I anticipate having enough leftovers of all of this food to feed us at least dinner and lunch and most likely at least one leftover night.


It really only takes a little extra effort to be able to make some huge cuts in your grocery bill. If these 5 steps seem to daunting all at once, choose the one that you think you could do the easiest and add that in to your routine. When that seems normal try adding another step in. I didn’t start out doing all 5 of these steps at once. I probably would have thrown my hands up. I figured out these tricks over time and am so grateful that I was already doing most of them when my hubby took that pay cut.

Do you have any tips that have helped your family cut the grocery bill?
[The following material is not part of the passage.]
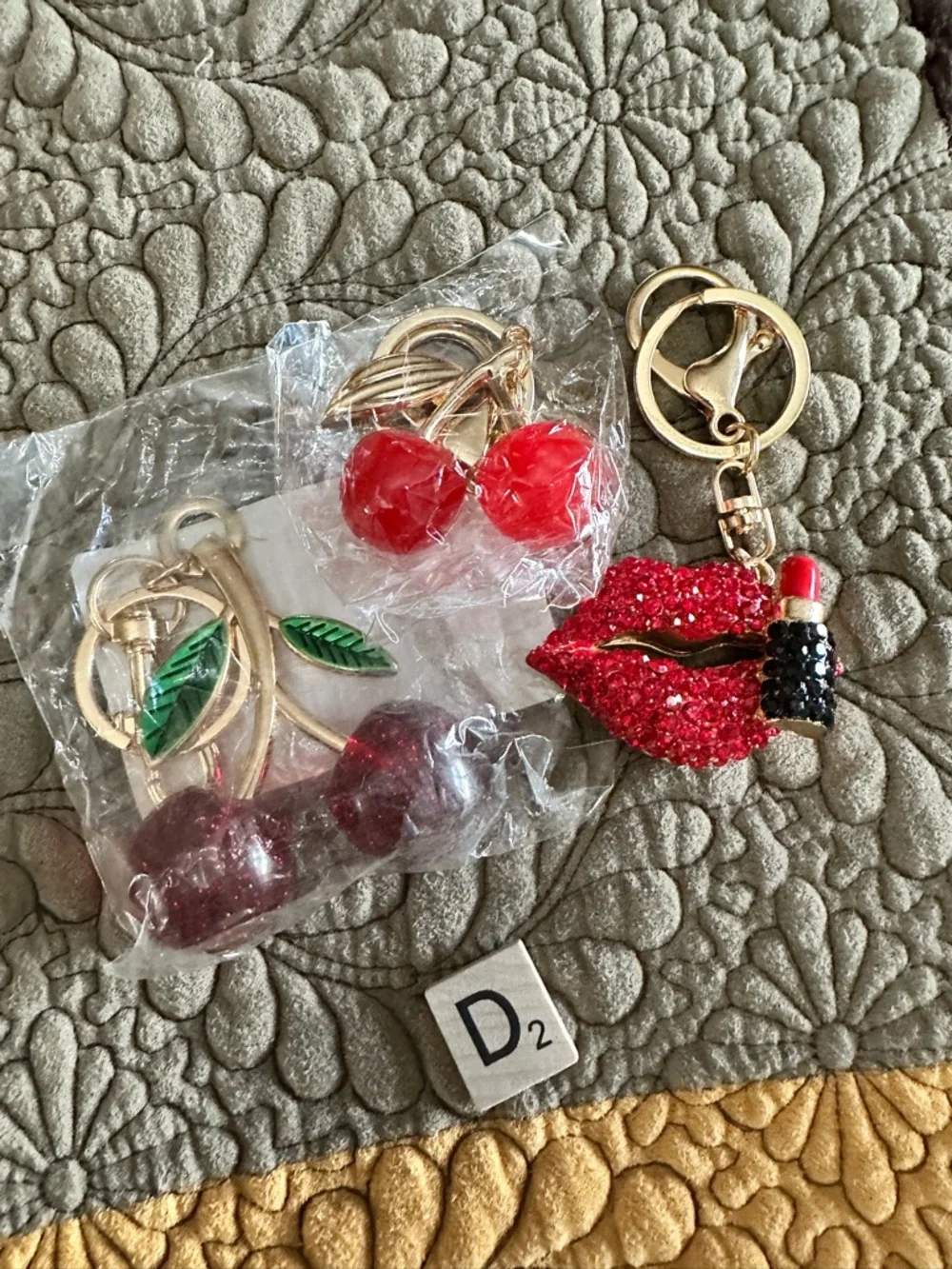 Pick your set of bag charms/key chains - Picture 5 of 9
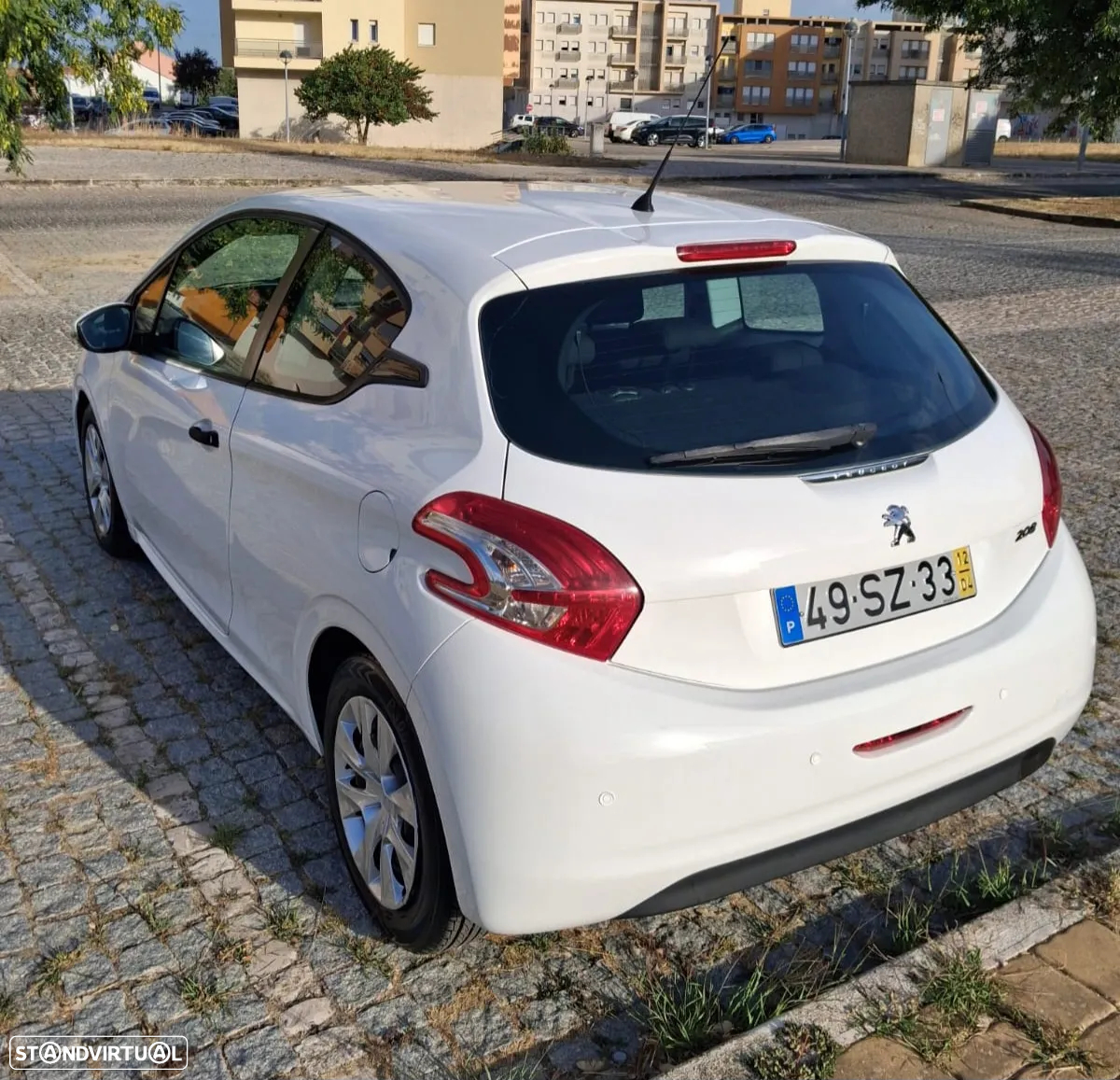 Peugeot 208 1.4 HDi Access - 5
Join me on Facebook or Twitter and share your tips and maybe you’ll see your tip shared in a future post!


  1. Great tips! Menu planning really does save me time and money. Thanks so much for linking up at the Totally Terrific Tuesday Link Party last week. Please come back again this week…we’d love to know what you’ve been up to. The party starts at 10pm. I hope to see you there!

  2. Jade…really good tips. When hubs and I first moved in together, I started meal planning for the week the way my mom always did…. 7 years later I still do it…it’s a time saver and a money saver for us! I also find making a little extra out of things you find on a good sale, ie a stew or a pot roast and then freezing half really helps too! I love doing that with soups!

  3. Love your tips. My one tip is when I make a large portion dish (shepherds pie, lasagna) I put what ever we don’t use in aluminium loaf pans. I find the food saves better and makes the perfect frozen dinners. Also with 2 kids under 5 it makes great lunches and my buck goes further.
    Stopping by from Bloggers Brags Pinterest Party. Pinned this post to our board

    1. I agree with buying meat at Costco. If nothing is on sale that is where I go and some things are just always cheaper there. The trick is not getting sucked into buying all the other cool stuff.

  4. Love your post. I totally go for the making extra & freezing, not just to save $$ but to save time too. I usually prepare 3-4 turkey meat loafs so I cook 1 & freeze the others so they are ready to go into the oven. Big time saver. I also have one more tip for saving, but it isn’t always possible depending on where you live & the season.. farmers markets- if you go towards the end, the prices are marked much lower than the beginning. They don’t want to bring it back with them. The negative, lots of stuff is sold out. The positive, you can get a lot of good fruits & veggies marked way down.

  5. What great ideas! Food blogging has definitely increased my grocery spending, so I also look at sales all of the time. We also eat eggs a lot! My hubby loves protein – meatless Monday’s don’t seem as bad to him if there is a quiche on the table. 🙂

  6. Groceries are so expensive here in Southern Maryland. Even after coupons I am spending $150 – $200 a week for a family of 4. My grocery store has digital coupons so I load them to my loyalty card. I also shop what is on sale. My family hates left over so I have been creative with turning leftovers into different meals. For example Pot Roast gets reinvented into Shredded Beef Tacos and Steak Fajitas are turned into steak egg and cheese breakfast burritos.

  7. All great tips! Meal planning is huge for us. I spend so much more when I go to the grocery store without a real list. I have 3 teenagers and our grocery bill is a lot bigger than i would like, but I am making a concerted effort this year to cut it down. Going meatless once or twice a week is also a great suggestion and I do have a bunch of meatless meals that the kids really love.

    1. I agree that meatless kind of gets a bad rap but going meatless even just once a week can cut back the costs so much- and it can be super tasty too!

  8. Yes, yes, yes, yes, and yes! If I menu plan and prepare myself for grocery shopping (i.e. getting the e-coupons on my store’s card) I save a ton of money, and less likely to “impulse-buy”. Also, having left-over friendly meals (like stews or casseroles) helps out too, because I’m not throwing away uneaten food or the mystery leftovers that got shoved to the back of the fridge!